Journaliste spécialisé sur l’écologie pour la Gazette des Communes, Arnaud Garrigues revient sur les conséquences environnementales de la Fête des Lumières. Pour lui, le débat actuel ne peut pas condamner sa présence.
Pourquoi peut-on dire qu’une manifestation comme la Fête des Lumières à Lyon a un impact négatif sur l’environnement ?
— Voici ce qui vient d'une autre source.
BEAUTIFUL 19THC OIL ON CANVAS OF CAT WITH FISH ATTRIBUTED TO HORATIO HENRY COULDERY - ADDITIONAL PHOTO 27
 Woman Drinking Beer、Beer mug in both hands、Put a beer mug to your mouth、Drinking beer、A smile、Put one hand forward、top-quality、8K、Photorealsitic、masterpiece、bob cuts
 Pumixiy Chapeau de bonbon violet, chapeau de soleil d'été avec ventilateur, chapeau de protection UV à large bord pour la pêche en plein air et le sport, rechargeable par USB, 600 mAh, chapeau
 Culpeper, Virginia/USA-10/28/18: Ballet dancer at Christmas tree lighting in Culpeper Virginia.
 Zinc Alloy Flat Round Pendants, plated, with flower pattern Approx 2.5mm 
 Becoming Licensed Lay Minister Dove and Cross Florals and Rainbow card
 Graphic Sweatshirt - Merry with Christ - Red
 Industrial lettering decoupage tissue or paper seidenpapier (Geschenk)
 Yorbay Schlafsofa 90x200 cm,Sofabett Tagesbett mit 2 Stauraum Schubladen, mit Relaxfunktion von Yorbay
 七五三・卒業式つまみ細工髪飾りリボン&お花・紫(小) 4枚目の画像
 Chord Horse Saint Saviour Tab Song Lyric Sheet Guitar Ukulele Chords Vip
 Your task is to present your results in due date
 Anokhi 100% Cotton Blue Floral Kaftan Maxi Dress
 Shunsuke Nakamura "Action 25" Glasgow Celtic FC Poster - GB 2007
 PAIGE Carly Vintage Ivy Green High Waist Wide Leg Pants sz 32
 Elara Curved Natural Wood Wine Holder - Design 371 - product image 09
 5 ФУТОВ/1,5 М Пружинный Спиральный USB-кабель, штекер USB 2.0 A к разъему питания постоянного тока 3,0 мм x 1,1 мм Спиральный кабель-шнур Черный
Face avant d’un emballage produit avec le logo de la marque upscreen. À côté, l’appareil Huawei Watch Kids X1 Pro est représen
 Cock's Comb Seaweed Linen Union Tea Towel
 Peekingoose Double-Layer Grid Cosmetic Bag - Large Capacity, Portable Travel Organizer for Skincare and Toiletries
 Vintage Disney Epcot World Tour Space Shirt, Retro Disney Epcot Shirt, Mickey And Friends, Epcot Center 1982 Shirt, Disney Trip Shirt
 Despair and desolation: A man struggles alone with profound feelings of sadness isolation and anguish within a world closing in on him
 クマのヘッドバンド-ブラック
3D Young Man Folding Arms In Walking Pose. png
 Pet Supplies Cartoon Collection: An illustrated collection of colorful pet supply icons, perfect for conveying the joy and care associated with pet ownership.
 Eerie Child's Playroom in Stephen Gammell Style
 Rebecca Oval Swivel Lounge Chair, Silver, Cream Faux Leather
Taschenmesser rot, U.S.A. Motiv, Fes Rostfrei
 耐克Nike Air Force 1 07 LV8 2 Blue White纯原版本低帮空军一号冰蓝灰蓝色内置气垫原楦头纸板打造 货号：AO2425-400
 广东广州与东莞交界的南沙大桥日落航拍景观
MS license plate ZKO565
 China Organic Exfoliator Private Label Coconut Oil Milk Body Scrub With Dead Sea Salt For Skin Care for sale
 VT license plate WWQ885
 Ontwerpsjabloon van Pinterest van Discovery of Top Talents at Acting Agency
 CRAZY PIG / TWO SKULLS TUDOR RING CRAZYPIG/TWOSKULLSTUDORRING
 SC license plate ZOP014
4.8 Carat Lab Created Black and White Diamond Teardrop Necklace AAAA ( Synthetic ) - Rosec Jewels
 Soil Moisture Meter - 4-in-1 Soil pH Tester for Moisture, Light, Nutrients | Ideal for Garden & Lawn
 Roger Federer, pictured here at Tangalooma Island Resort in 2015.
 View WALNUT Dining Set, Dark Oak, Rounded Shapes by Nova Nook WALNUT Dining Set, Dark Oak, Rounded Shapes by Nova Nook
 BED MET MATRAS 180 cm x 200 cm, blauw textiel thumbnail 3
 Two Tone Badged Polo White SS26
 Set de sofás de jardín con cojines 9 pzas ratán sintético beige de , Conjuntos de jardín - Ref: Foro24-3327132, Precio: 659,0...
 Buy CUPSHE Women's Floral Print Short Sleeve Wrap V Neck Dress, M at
- On peut déjà s’interroger sur l’impact qu’un tel événement a en carbone, et en regardant les émissions de gaz à effet de serre pendant cette manifestation. Ce sont en effet plusieurs millions de personnes qui viennent à la Fête des Lumières et qui émettent des gaz à effet de serre. Si ce flux important n’engendre pas un impact supérieur à la moyenne, on peut dire que l’impact négatif sur l’environnement n’est pas important. En revanche, si ce sont des personnes qui viennent majoritairement de loin pour cet événement, l’impact sera plus important. Mais je ne pense pas qu’on puisse remettre en question la tenue de la Fête des Lumières sur l’argument des gaz à effet de serre. De mon point de vue, ce ne sont pas les œuvres utilisées lors de cette manifestation qui vont consommer beaucoup d’énergie.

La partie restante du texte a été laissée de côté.